The scientists said finding the negative effects of these nutrients was quite unexpected and was the result of a long-term study around Plum Island estuary in Massachusetts. For over nine years, the scientists added nitrogen and phosphorus to the tidal marshes around the island that were consistent with what marshes around Cape Cod and Long Island might be experiencing.
After a few years, cracks in the land began to appear along the tidal creeks that feed into water into the marsh. Eventually, these cracks expanded, slumped, and collapsed into muddy creeks.
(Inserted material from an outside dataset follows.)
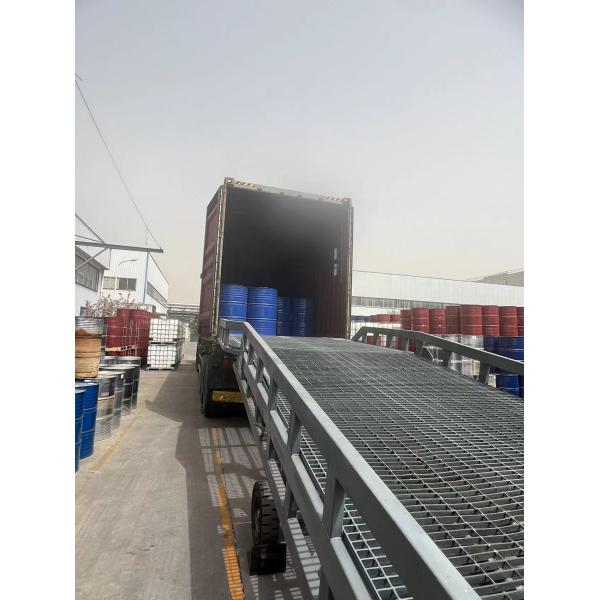 Polyether Polyol Liquid Synthetic Resin Polymer Raw Material For MS Sealant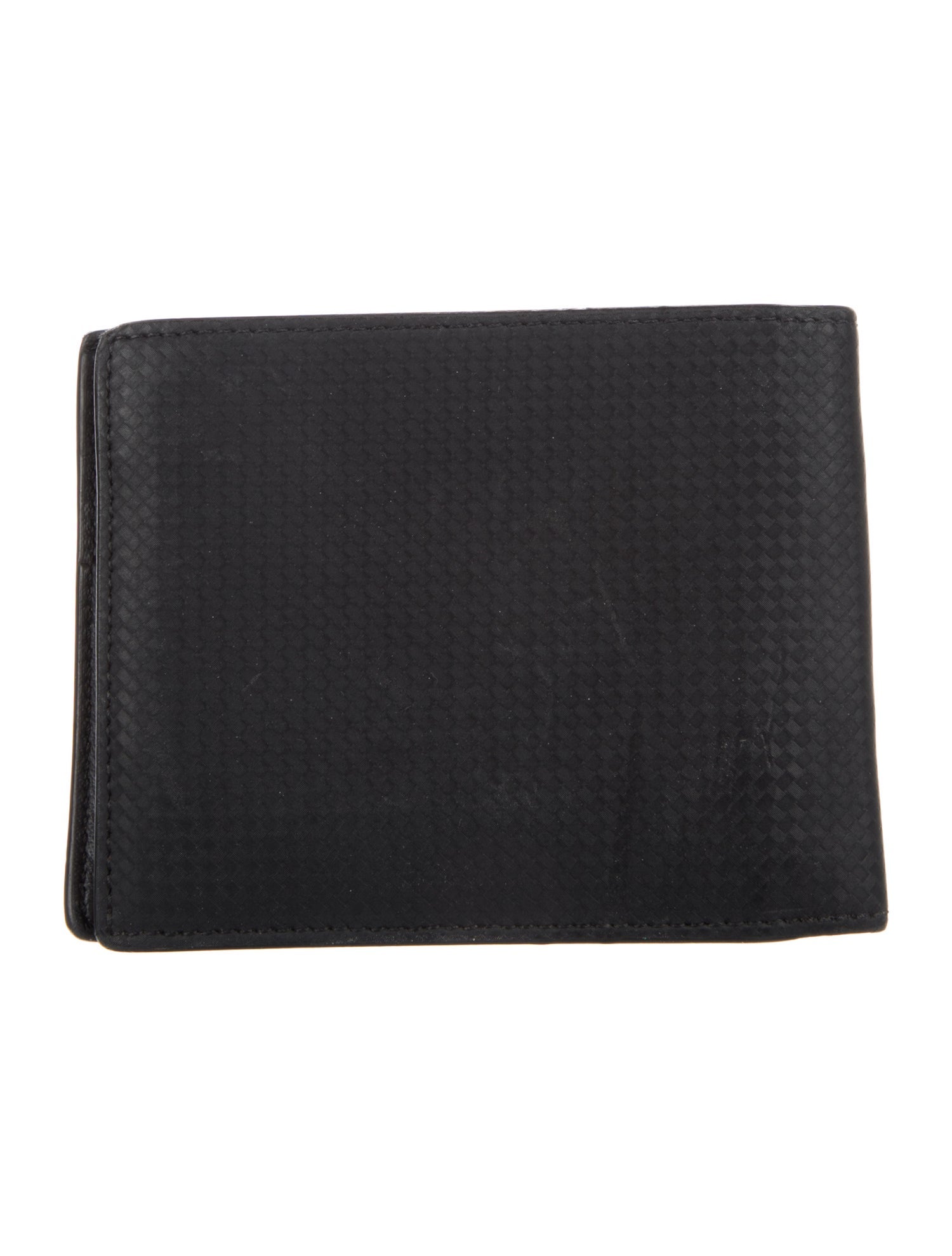 Montblanc Leather Wallet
Researchers found that the nutrients caused the marshes to become muddier by supplementing the grass that lived there to grow bigger than the sizes that the soil and waterways could support. The bigger grasses had comparatively smaller roots since the amount of nutrients in the soil did not necessitate their expansion. The results were a less stable soil base and taller grass that got too big, fell over, and got pulled out by the tidal forces that swept through the marsh twice a day.
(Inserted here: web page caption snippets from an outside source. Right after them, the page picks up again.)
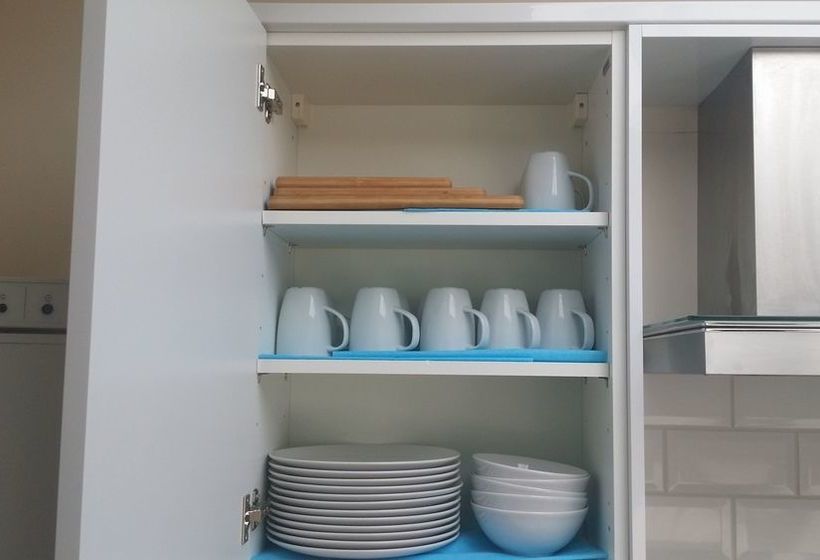 My London Apartments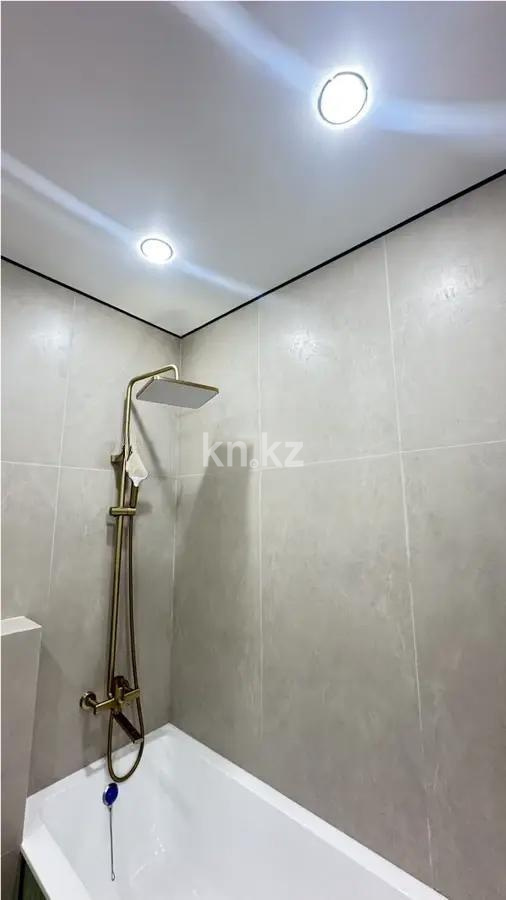 Продажа 2-комнатной квартиры, 40 м², пр. Туран, дом  55/16 в Астане - фото 3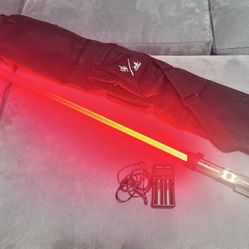 Movie Quality Darth Vader Lightsaber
“The long-term effect is conversion of a vegetated marsh into a mudflat, which is a much less productive ecosystem and does not provide the same benefits to humans or to habitat for fish and wildlife,” Deegan said.
In addition to causing the disappearance of tidal salt marshes, high amounts of nitrogen and phosphorus have been known to cause massive algal blooms that can choke the life out of tidal zones.
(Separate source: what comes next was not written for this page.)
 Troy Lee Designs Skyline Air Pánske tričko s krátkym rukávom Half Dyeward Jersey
“Now we understand that nutrient enrichment also causes a very important loss of salt marsh habitat for fish and shellfish,” Deegan warned. “This is one more reason we need better treatment of household waste in our towns and cities.”
She added that individuals can help prevent the ill effects of phosphorus and nitrogen leaching into the soil by responsibly maintaining their lawns and gardens.
“If you have a green lawn because you are fertilizing it, you are contributing to loss of salt marshes and ultimately of fish,” Deegan said.
The researchers said their future studies will focus on how these nutrient-enriched marshes might recover.